[Dataset items]
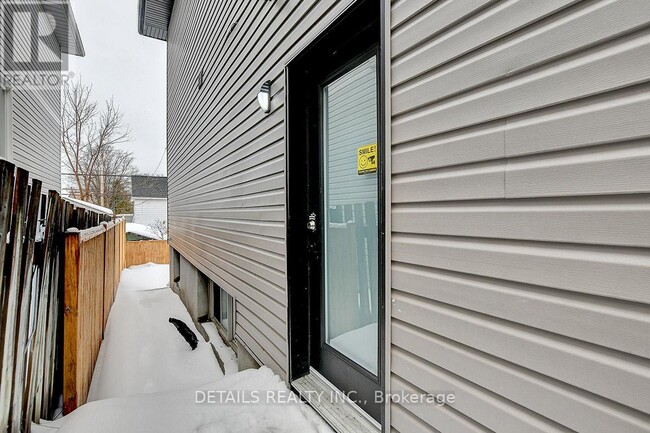 Photo - 285B Montfort St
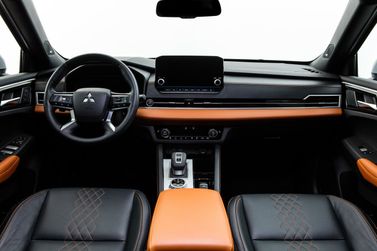Mitsubishi Outlander IV, Внедорожник 5 дв. — место водителя
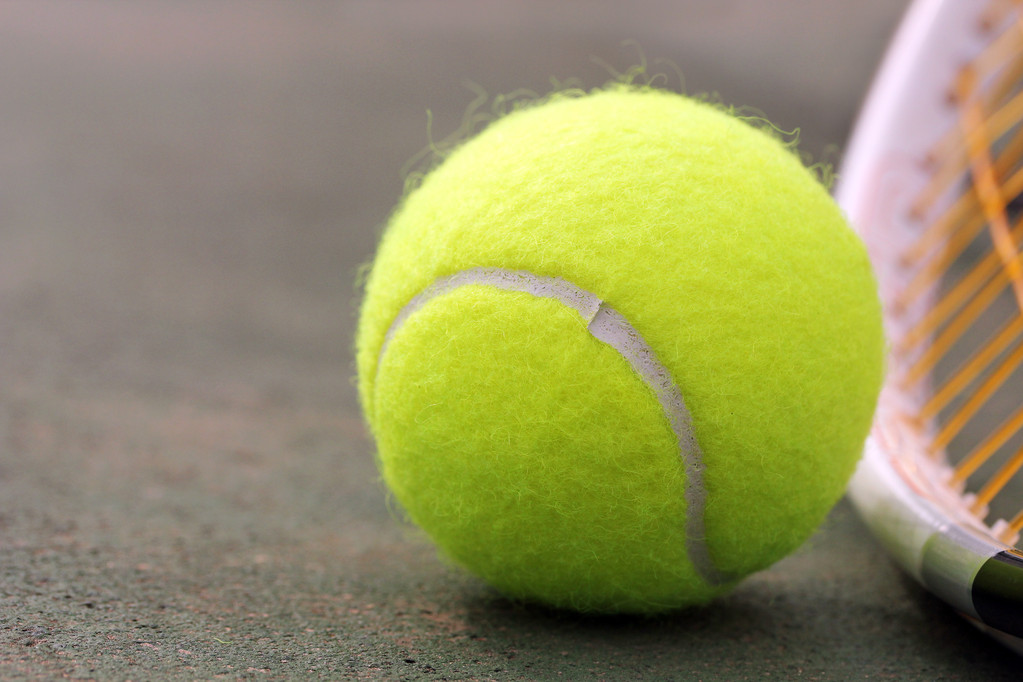 Racket(racquet) yanına yerleştirilen yeni sarı renkli tenis topu - Fotoğraf, Görsel
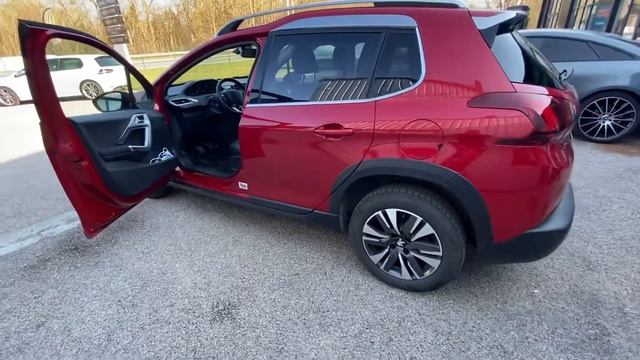 Peugeot 2008 1.5 blueHDI 100ch allure смотреть онлайн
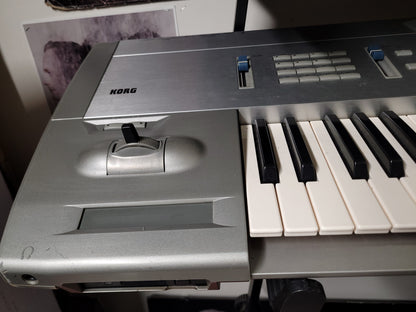 Korg Trinity 61-Key 32-Voice Polyphonic Workstation 1995 - 1996 - Local Pickup Only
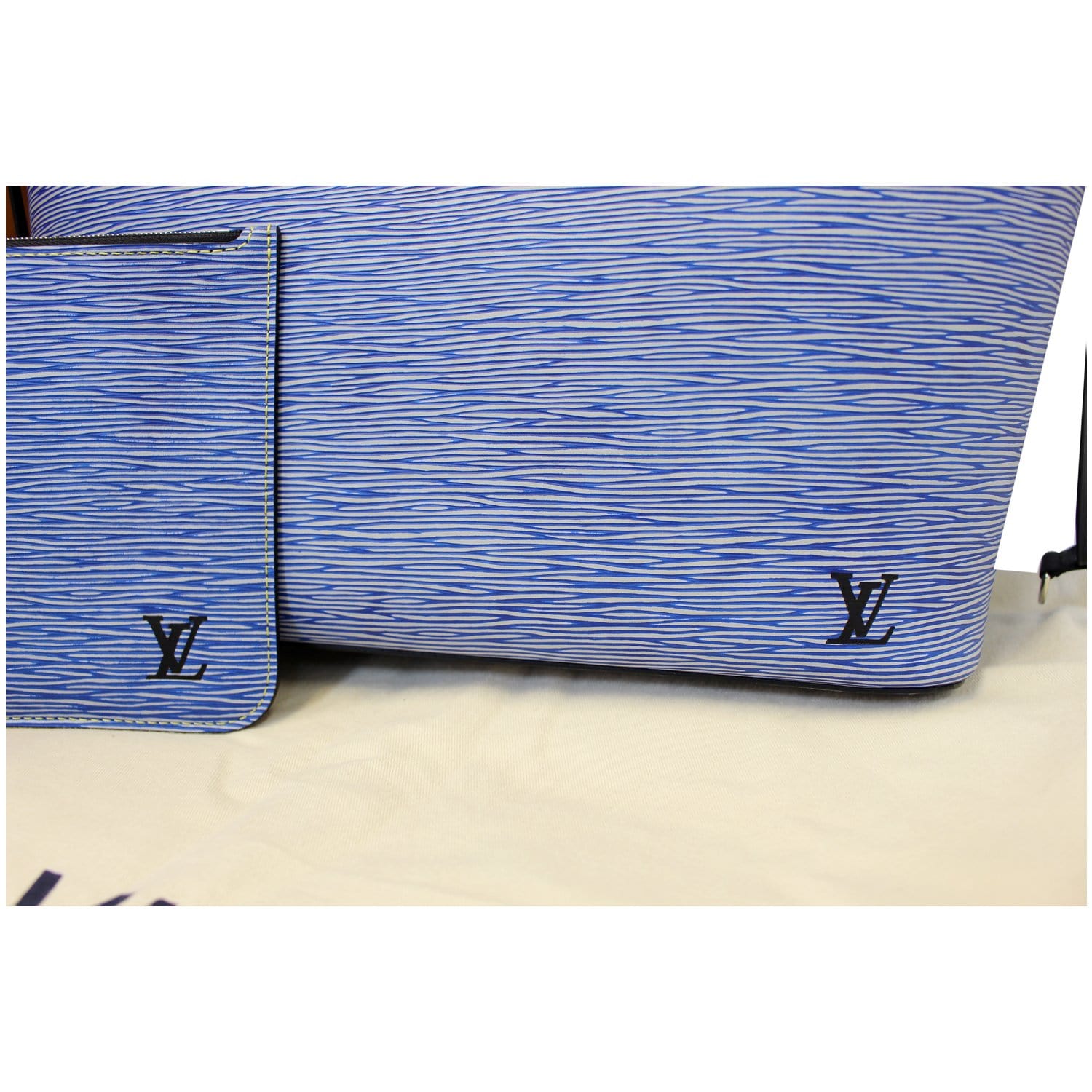Louis Vuitton, Bags, Louis Vuitton Neverfull Mm Epi Bleu Denim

__Work item__. What is needed is an exact restatement of every line from the line containing "Korg Trinity 61-Key" through the last line of the records, minus any pictures.

__Output of the exercise__.
 Korg Trinity 61-Key 32-Voice Polyphonic Workstation 1995 - 1996 - Local Pickup Only
Louis Vuitton, Bags, Louis Vuitton Neverfull Mm Epi Bleu Denim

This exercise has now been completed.